The Acoustic Wave Propagation Equation: Discontinuous Galerkin Time Domain Solution Approach

Abstract

This paper discusses a finite element method, discontinuous Galerkin time domain approach that solves the 2-D acoustic wave equation in cylindrical coordinates. The method is based on discretization of the wave field into a grid of r and θ where r is the distance from the centre of the domain and θ is the radial angle. The Galerkin formulation is used to approximate the solution of the acoustic wave equation for the r and θ derivatives.

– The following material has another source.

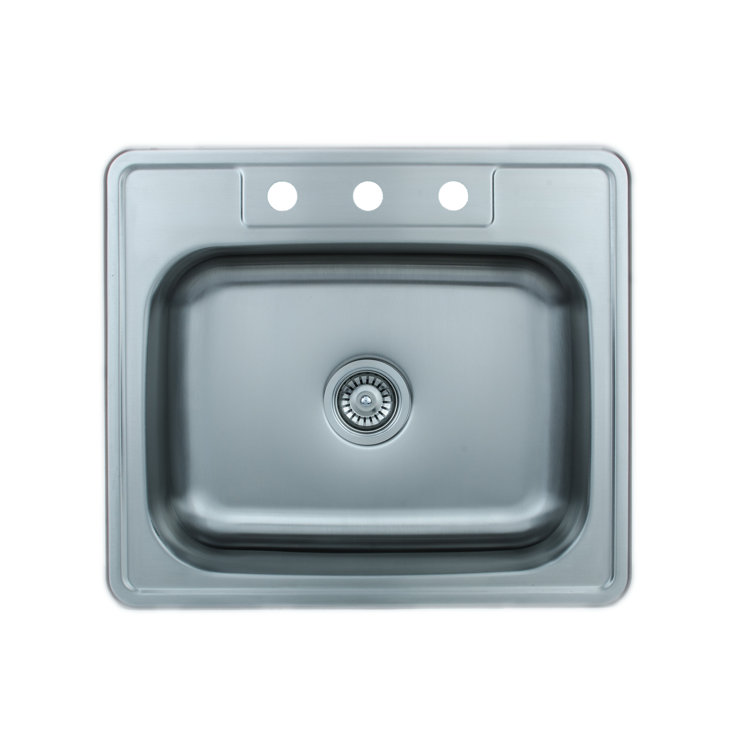 25'' Matte Stainless Steel Drop-In Single Bowl Kitchen Sink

The boundary conditions applied at the boundaries of the numerical grid are the free surface boundary condition at r = 1 and the absorbing boundary condition applied at the edges of the grid at r = 2. The solution is based on considering wave motion in the direction normal to the boundary, which in this case is the radial direction over radial angle θ ∈ [0o , 30o ]. The exact solution is described in terms of Bessel function of the first kind, which forms the basis of the boundary conditions for the values of pressure and eventually sufficient accuracy of the numerical solution. The algorithm generated in Matlab is tested against the known analytical solution, which demonstrates that, pressure of the wave increases as the radius increases within the same radial angle. The domain was discretized using linear triangular elements. The main advantage of this method is the ability to accurately represent the wave propagation in the free surface boundary with absorbing boundary condition at the edges of the grid, hence the method can handle wave propagation on the surface of a cylindrical domain. The resulting numerical algorithm enables the evaluation of the effects of cavities on seismograms recorded in boreholes or in cylindrical shaped tunnels.